On February 21, 2017, staff for the City of Salinas presented their “Fiscal Year 2016-17 Mid-Year Budget Review and Budget Adjustments” to the city council. It contained some bad news for taxpayers:
This mid-year review includes information that will help tackle a significant issue that the City has faced for many years, which is the structural deficit of the General Fund. The structural deficit has recently grown because of the Salinas Police Officers Association (SPOA) three year contract and from the recent CalPERS reduction in the discount rate that was approved December 21, 2016 by the PERS Board, with more changes expected next year. Projecting out 20 years, the cost drivers of salary, health care, and retirement exceed the future revenue. It is imperative that the City Council and City Staff understand this structural issue as we plan for the future and how we manage our resources.
Staff have put together the framework of a sustainability plan that will serve as a tool to eliminate the structural deficit. The plan identifies both short-term and long-term strategies to raise revenues, reduce expenditures and realign spending to higher priorities. Departments were asked to innovate how to eliminate the structural deficit. Some of the ideas have not been valued since it is still too preliminary, however, where realistic estimates could be made, dollar values were assigned over a five-year horizon. Twenty-five revenue generating ideas were identified that ranged from $1,535,300 to $6,296,000 over the next five years between FY 2017-18 and FY 21-22. Departments also came up with 85 expenditure reduction or savings ideas that totaled $2,767,850 and $4,632,850 over the same five years.
A structural deficit is the result of a long-term budget arrangement in which expenditures consistently exceed revenues, as opposed to a cyclical deficit in which temporary circumstances on occasion cause expenditures to exceed revenues.

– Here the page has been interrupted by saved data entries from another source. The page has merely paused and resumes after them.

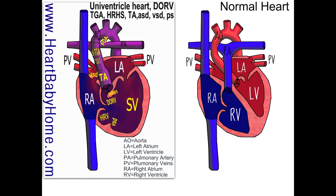There's also double outlet right ventricle — if that trunk had split, both of those would have ended up on the right side, on the patient's right side.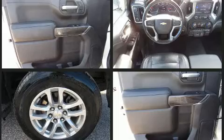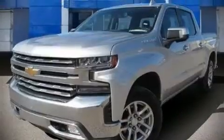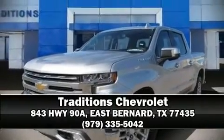It also arrives with a Carfax history report, providing you peace of mind with detailed information. Please don't hesitate to give us a call. We'll see you next time.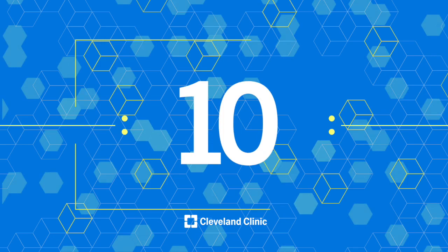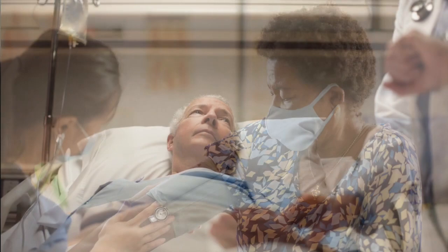Number 10: Predictive analytics and hypertension. Often referred to as the silent killer, hypertension or high blood pressure shows no symptoms.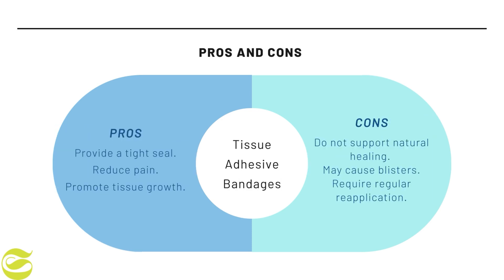Eighth is tissue adhesive bandages. The advantages are they provide a tight seal, reduce pain, and promote tissue growth. The disadvantages are that they do not support natural healing, may cause blisters, and require regular reapplication.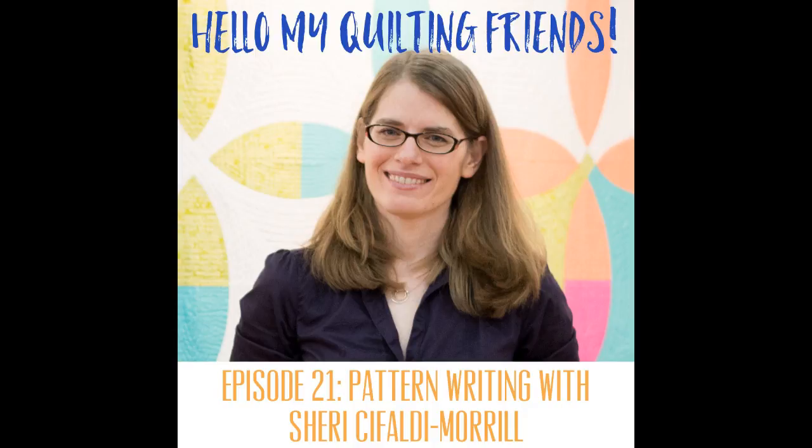Hello, my quilting friends. I'm Leah Day, a professional quilter, author, and online teacher. This podcast is all about quilting, running a creative business, and balancing our busy hands with our busy lives. You can find the episode show notes and links to everything mentioned at leahday.com. Enjoy the show.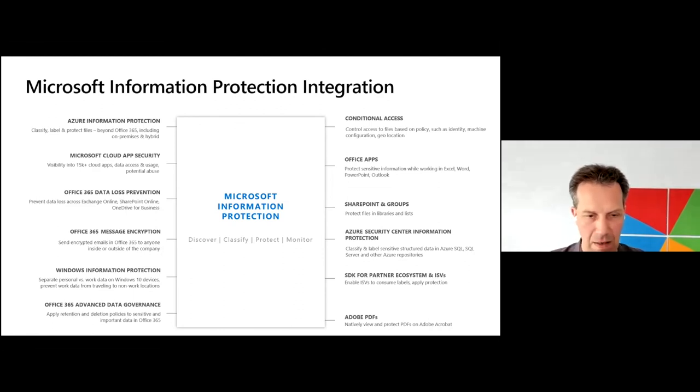We also have an SDK that we provide so that you can use it for integration in other platforms. That's available for software developers, but also for customers who want to integrate this in some of the other systems they need. And with that, I will hand over.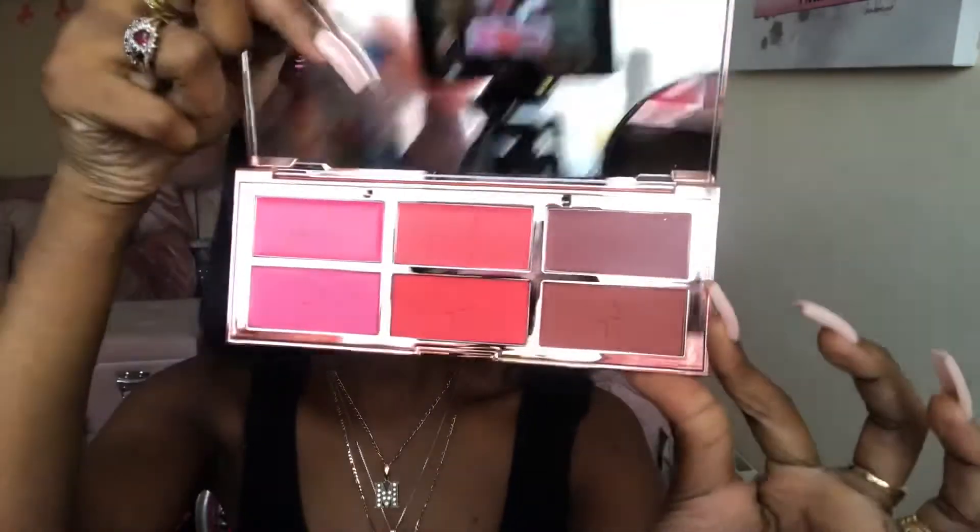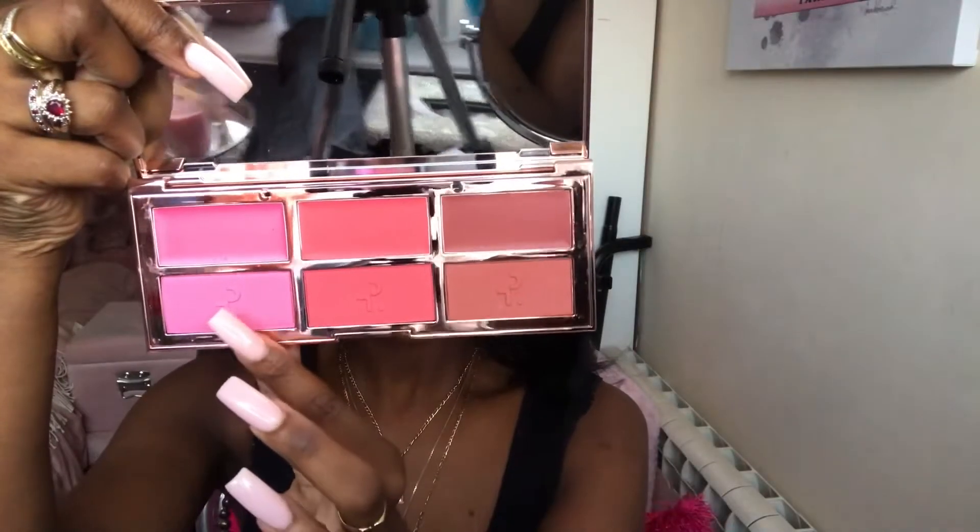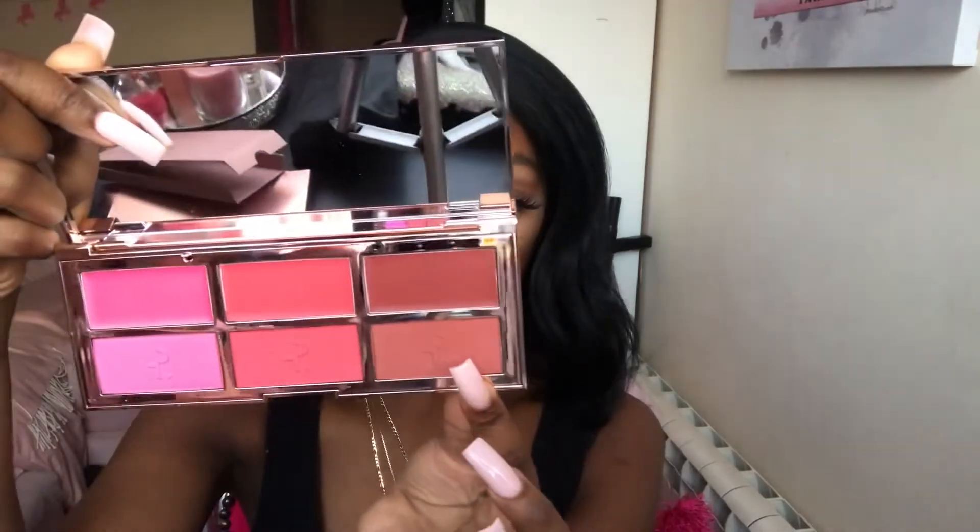These are the colors that you get: we have She's a Doll, She's Vibrant, and She's Baked. I'm going to try this shade first — I'm so nervous about this shade, this shade is so bright, but we're gonna do it.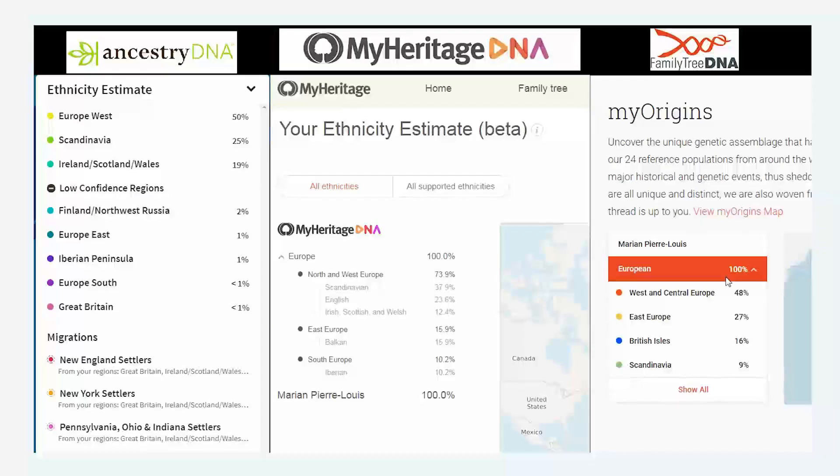Well, I hope you found this interesting. I'm curious to see if you expected there to be such great diversity across the three companies, or whether you expected them to be all the same. Let me know if you've tested yourself at these three companies and what you found — did your results come up similar or really different? Let me know. Until next time, see ya.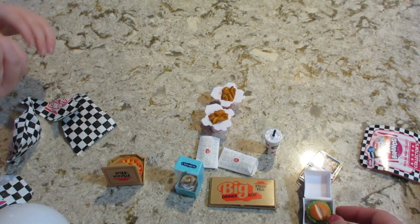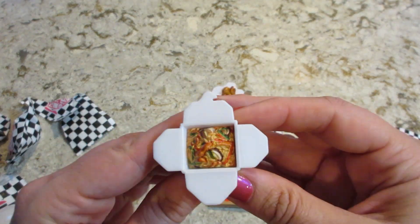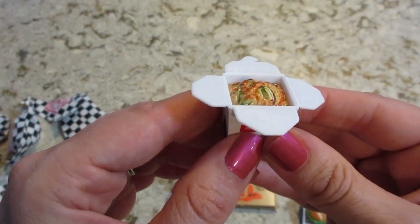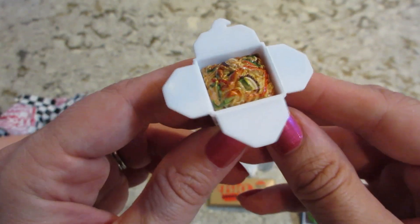And then you got something from PF Chang's — it's like some noodle stuff. Very cool! We still have more of these, so make sure to check out our other videos if you want to see more unboxings. Thanks so much for watching — bye guys!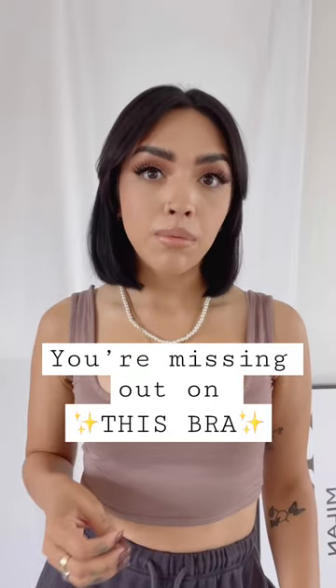Amazon really wowed me with this one. This is officially your sign to get this balconette bra from Amazon right now. As your internet big sister, it's not my job to hide — it's my job to provide, and this bra is everything. Let me tell you specifically why you need a balconette bra.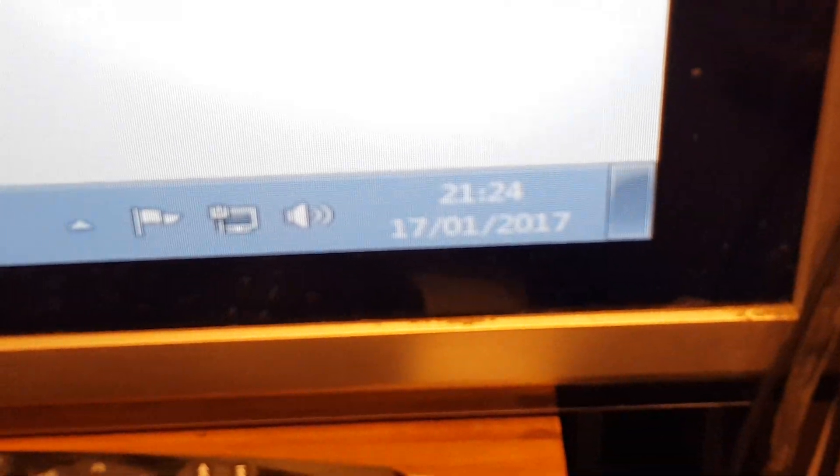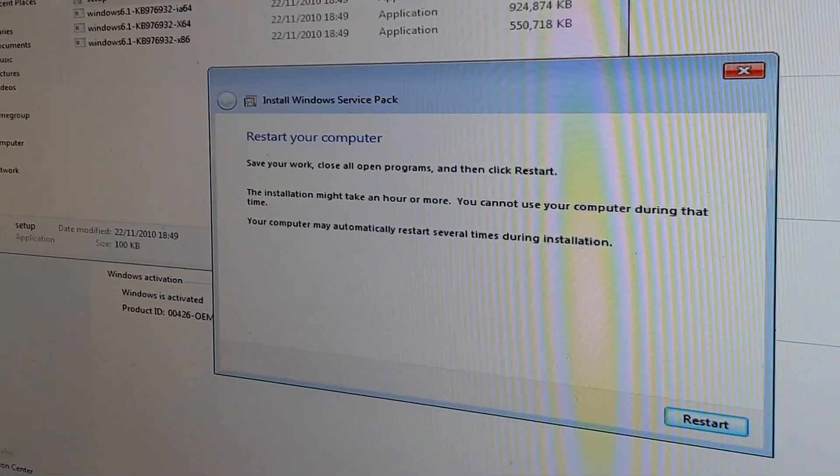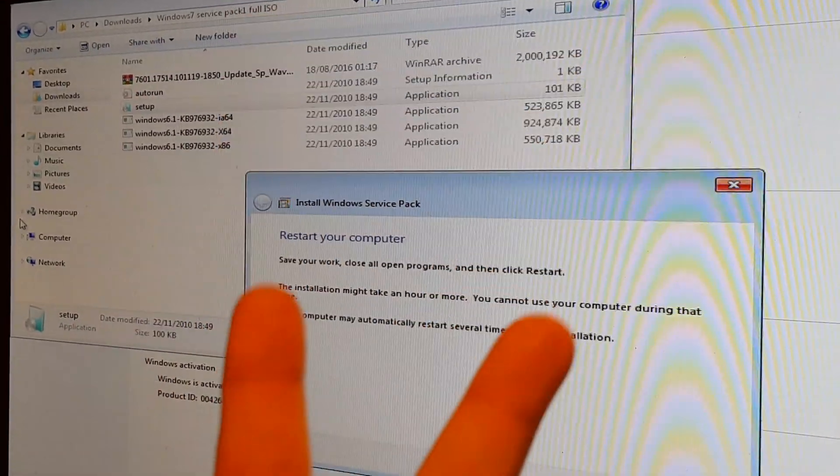All right, and there's the date. So thanks very much for watching. Fuck you, Microsoft.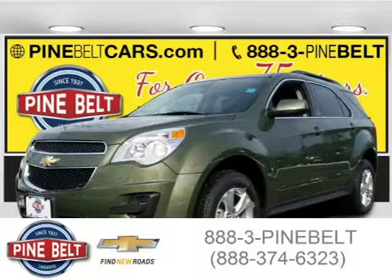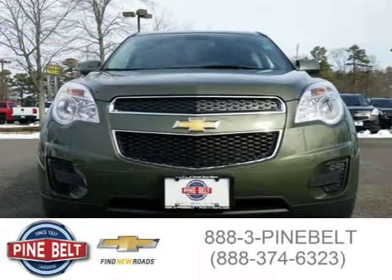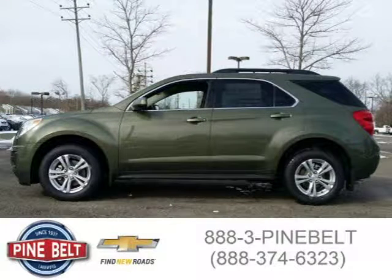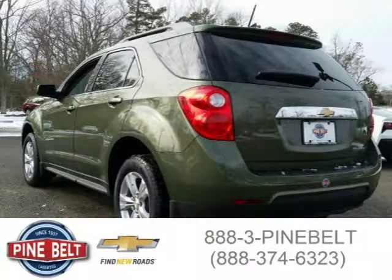This 2015 Chevrolet Equinox SUV is located in Lakewood, serving Toms River, New Jersey, and has 3 miles on it. This SUV has a beautiful green exterior paint color which is complemented by a jet black interior color. For more information on this great SUV, please click the link below.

A structural deficit is predictable and avoidable if people who develop and approve the budget make wise decisions to balance it.
CalPERS is the California Public Employees’ Retirement System, which has 1.8 million members in its retirement system and administers benefits for more than 1.4 million members and their families in its health program. With a market value of $311 billion, CalPERS is the largest defined-benefit public pension in the country. It reported a preliminary 0.61 percent net return on investments for the 12-month period that ended June 30, 2016. The staff report to the Salinas City Council highlighted a major cause of the city’s structural deficit:
At the December 21, 2016, meeting, the CalPERS Board of Administration approved lowering the CalPERS discount rate assumption, the long-term rate of return, from 7.50 percent to 7.00 percent over the next three years. This will increase public agency employer contribution costs beginning in Fiscal Year 2018-19…Lowering the discount rate means plans will see increases in both the normal costs (the cost of pension benefits accruing in one year for active members) and the accrued liabilities. These increases will result in higher required employer contributions.
Those pension obligations to city employees need to be paid. Expect to see fee increases proposed soon for a variety of city services.
See the Staff Report to Salinas City Council – Structural Deficit of General Fund and FY 2016-17 Mid-Year Budget Review – February 21, 2017. It is one of several documents provided to the city council for the agenda item City of Salinas FY 2016-17 Mid-Year Budget Review and Budget Adjustments – February 21, 2017.